### [Collected data]
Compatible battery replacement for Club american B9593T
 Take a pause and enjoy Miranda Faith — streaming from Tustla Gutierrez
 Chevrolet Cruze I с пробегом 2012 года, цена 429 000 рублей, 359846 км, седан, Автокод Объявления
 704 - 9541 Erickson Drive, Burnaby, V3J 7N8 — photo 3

### [Task to complete]
Return all of the material exactly as written, from the first line through the last.

### [Exercise solution]
Compatible battery replacement for Club american B9593T
 Take a pause and enjoy Miranda Faith — streaming from Tustla Gutierrez
 Chevrolet Cruze I с пробегом 2012 года, цена 429 000 рублей, 359846 км, седан, Автокод Объявления
 704 - 9541 Erickson Drive, Burnaby, V3J 7N8 — photo 3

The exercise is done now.